→ **ASSIGNMENT**:
Each line below should be repeated exactly, but no picture should be carried over.

→ **SUPPLIED INFORMATION**:
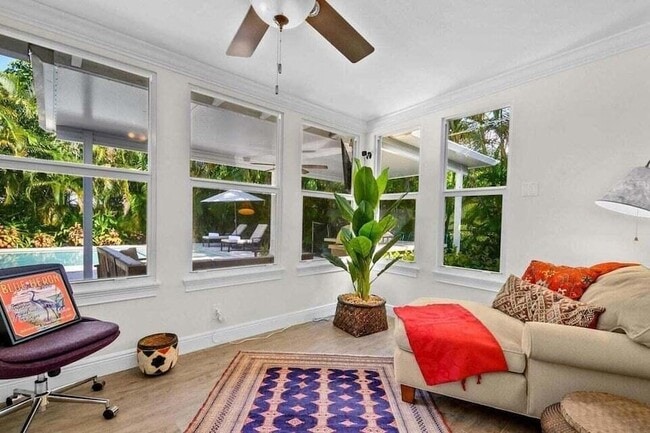 Building Photo - 221 NW 18th St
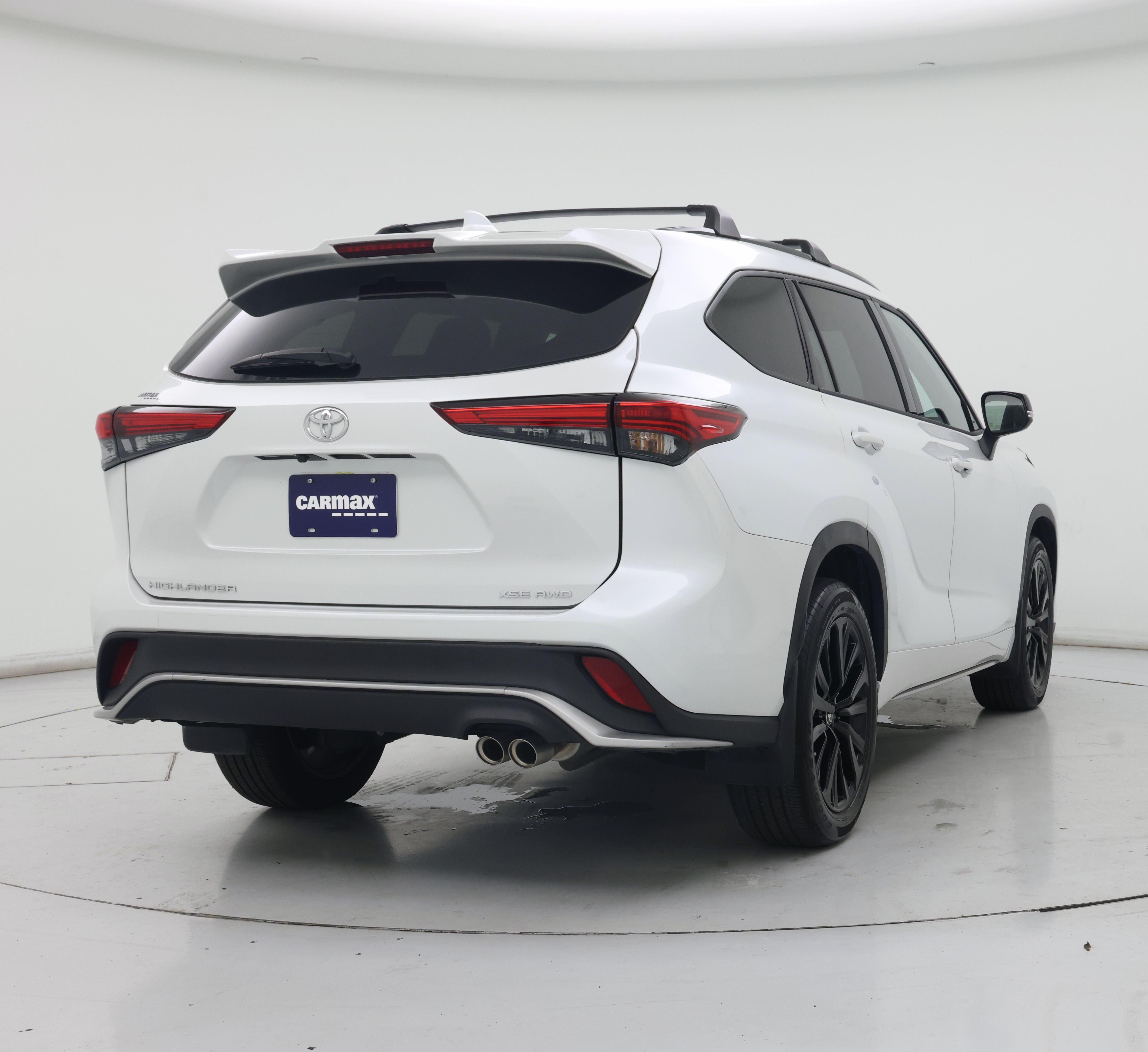 Thumbnail: 2023 Toyota Highlander - 8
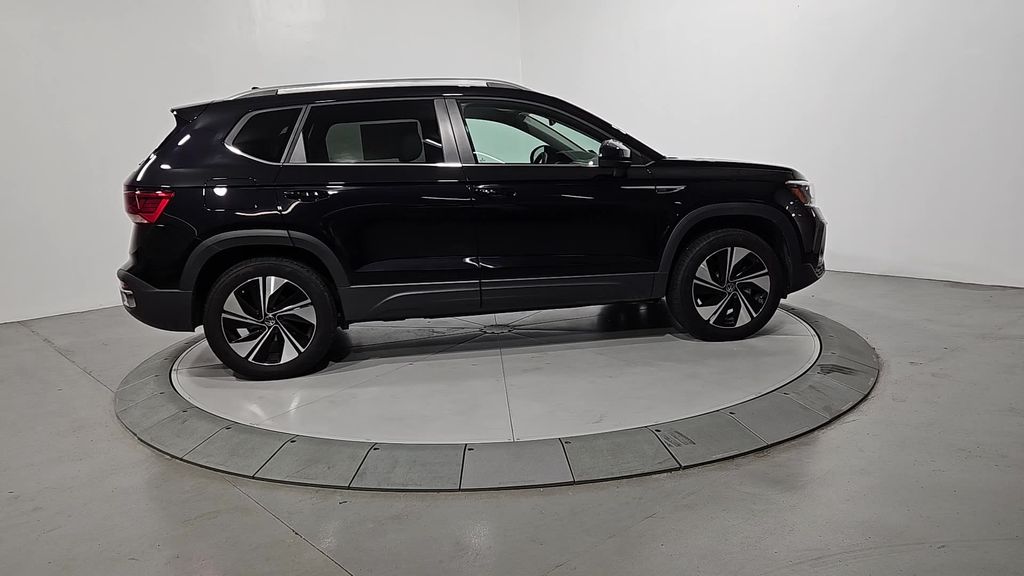 2024 Volkswagen Taos SE photo 4
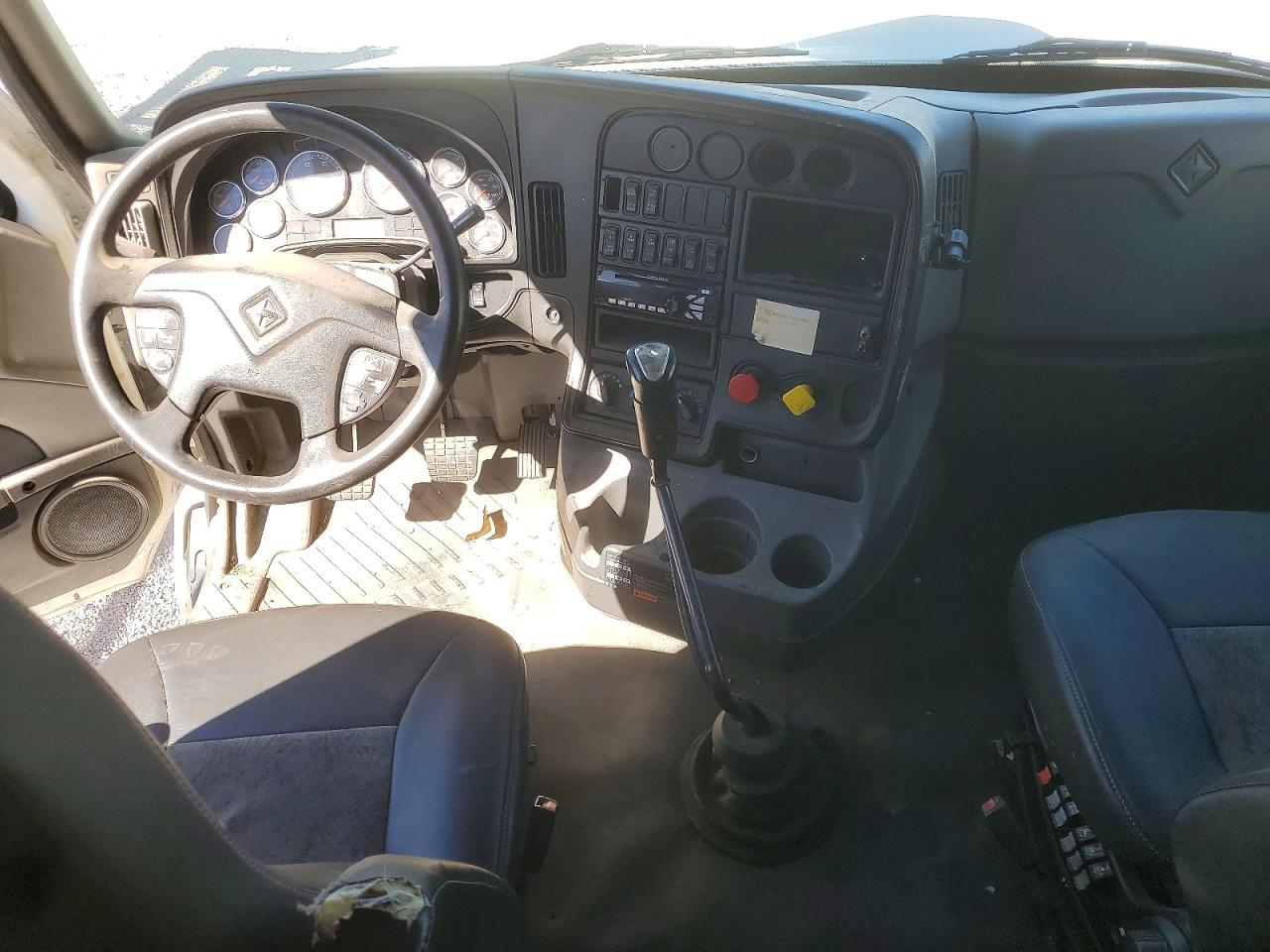 INTERNATIONAL PROSTAR 2016 — 10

→ **REPLY**:
 Building Photo - 221 NW 18th St
 Thumbnail: 2023 Toyota Highlander - 8
 2024 Volkswagen Taos SE photo 4
 INTERNATIONAL PROSTAR 2016 — 10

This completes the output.